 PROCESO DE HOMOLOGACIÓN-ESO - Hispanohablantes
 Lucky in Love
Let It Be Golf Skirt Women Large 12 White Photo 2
---
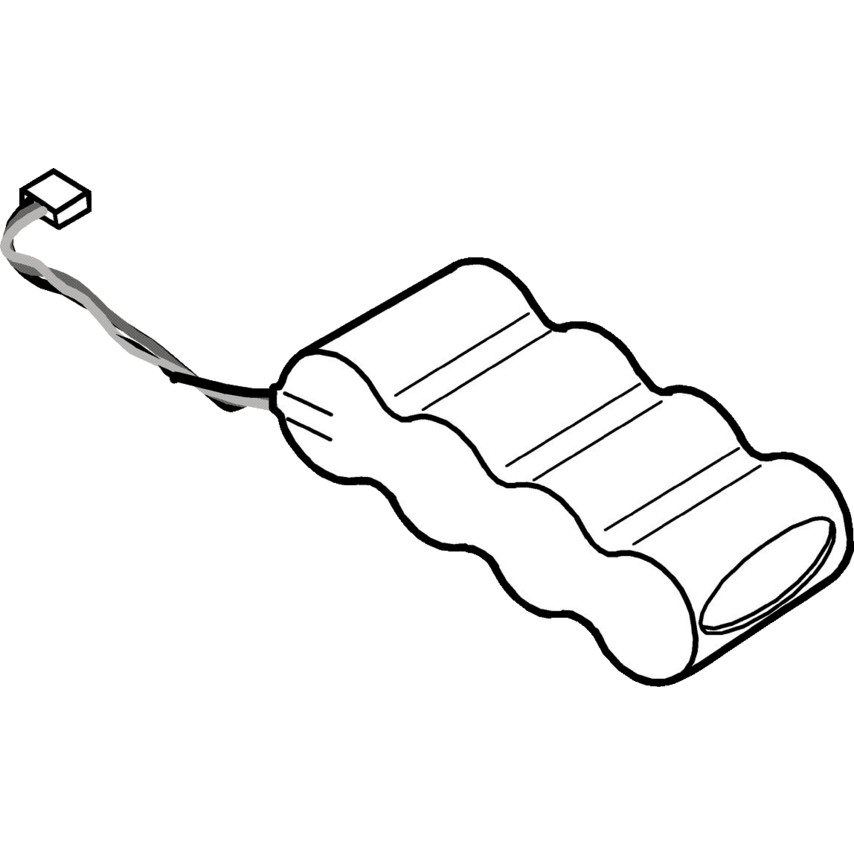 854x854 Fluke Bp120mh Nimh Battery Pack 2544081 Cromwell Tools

Exercise description:
Please copy the lines above from the line with "PROCESO DE HOMOLOGACIÓN-ESO" up to and including the line with "Let It Be Golf", exactly as written and with nothing else.

Written answer:
 PROCESO DE HOMOLOGACIÓN-ESO - Hispanohablantes
 Lucky in Love
Let It Be Golf Skirt Women Large 12 White Photo 2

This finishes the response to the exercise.